Kebanyakan orang Indonesia tidak punya konsep waktu. Jika mereka berjanji untuk bertemu biasanya mereka berkata nanti sesudah Luhur. Pada hal sesudah Luhur mulai tergelincir mata hari sampai Ashar. Beda dengan negeri "Kincir Angin" Jika berjanji harus on time dengan menunjuk pada pas jam berapa. Berjanji dengan dokter harus tepat waktu misalnya, jam 19.00, maka harus datang on time, bila terlambat dianggap mengingkari perjanjian dari waktu yang sudah disepakati. Bila terlambat, terpaksa waktunya diberikan pada orang lain. Mobil bus atau kendaraan sewaan lainnya juga demikian, masuk ke stasiun on time dan keluar stasiun on tame sekalipun kosong penumpang. Di Negara Barat umumnya orang berlari-lari mengejar halte sebab di sana tertera jam kedatangan bus yang on time.
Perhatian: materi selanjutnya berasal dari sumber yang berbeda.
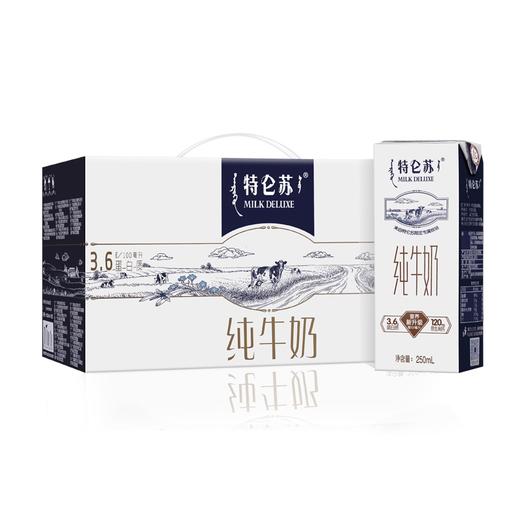 E特仑苏纯牛奶（250ml*12） 商品图0
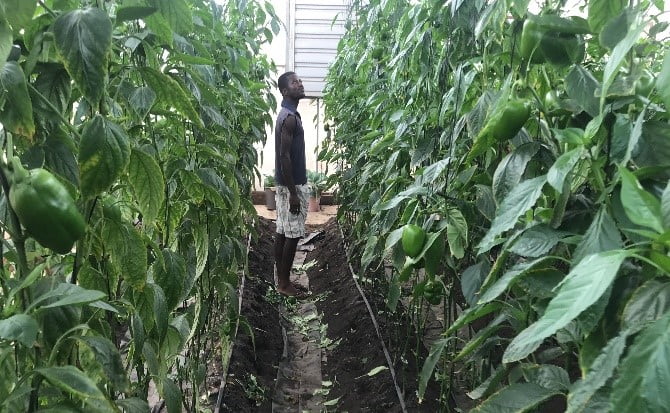 Agronomy-training-greenhouse-farming-joebenbless-agric (5)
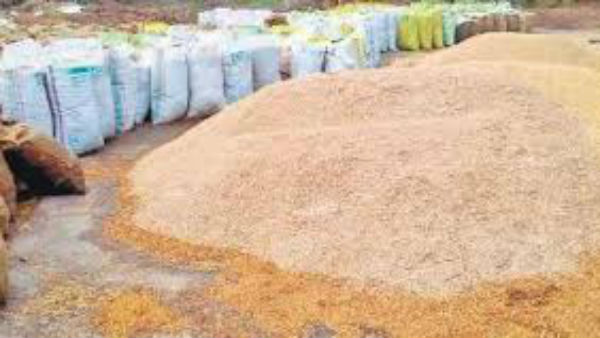 పండిన పంట అమ్ముకోలేక రైతన్నల దీనావస్థలు 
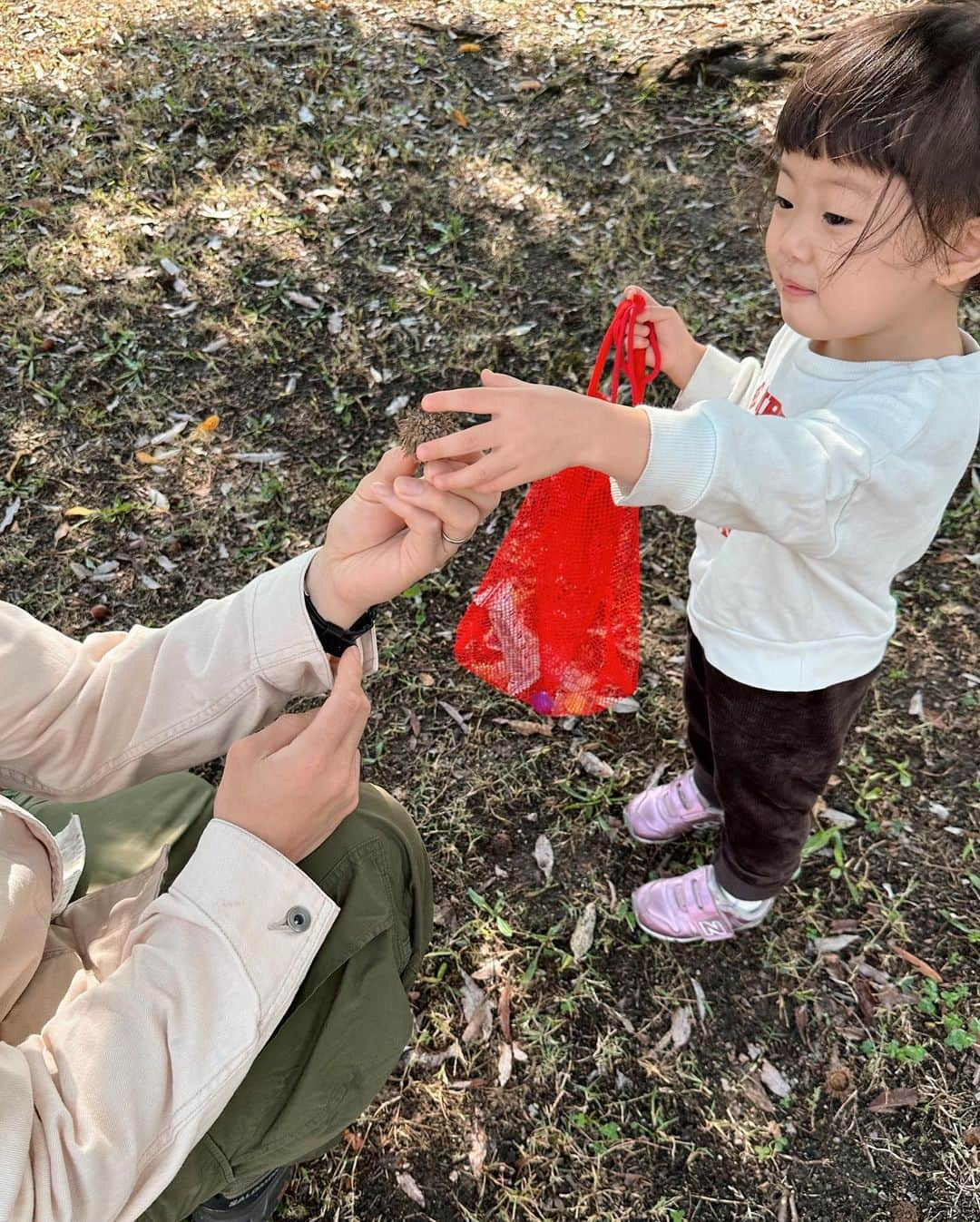 松原加奈恵さんのインスタグラム写真 - (松原加奈恵Instagram)「ご報告。  本日、みやこに  『世界で一番パパが好き』と言われました。  え？  全然いいねんけど  パパ好きなんは嬉しいねんけど  私もそうなって欲しいと願ってたけど  "世界で一番" はママであってくれ🫡  #同率一位の可能性あり #これからも頑張ります #4人家族」10月15日 23時06分 - piiiiiiico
Ketika Dirjen dan rombongan berkunjung ke Belanda, mereka ingin berwisata ke Brussels, Belgia, dengan kereta api, lalu saya dan Dr. Nurnaningsih dipanggil untuk mengatur perjalanan mereka. Karena hari itu hari minggu. Di Belanda jika hari minggu semua toko tertutup, kecuali tokoh bunga. Bunga adalah setiap saat diperlukan, mulai menyambut bahagia sampai menyambut duka. Saya beritahu Ibu Dr. Nurnaningsih akan singgah dahalu di aparteman mengambil minuman coka-cola di Lemari es untuk bekaldi perjalanan, maka saya berpesan agar sebelum jam 07.00 tepat sudah ada di stasion, sayang ibu Nurnaningsi yang mengantar rombongan terlambat satu menit, sehingga harus menunggu kereta api berikutnya dari Amsterdam menuju Brussels satu jam lagi. Menunggu satu jam di musim dingin seperti ini sangat menyiksa.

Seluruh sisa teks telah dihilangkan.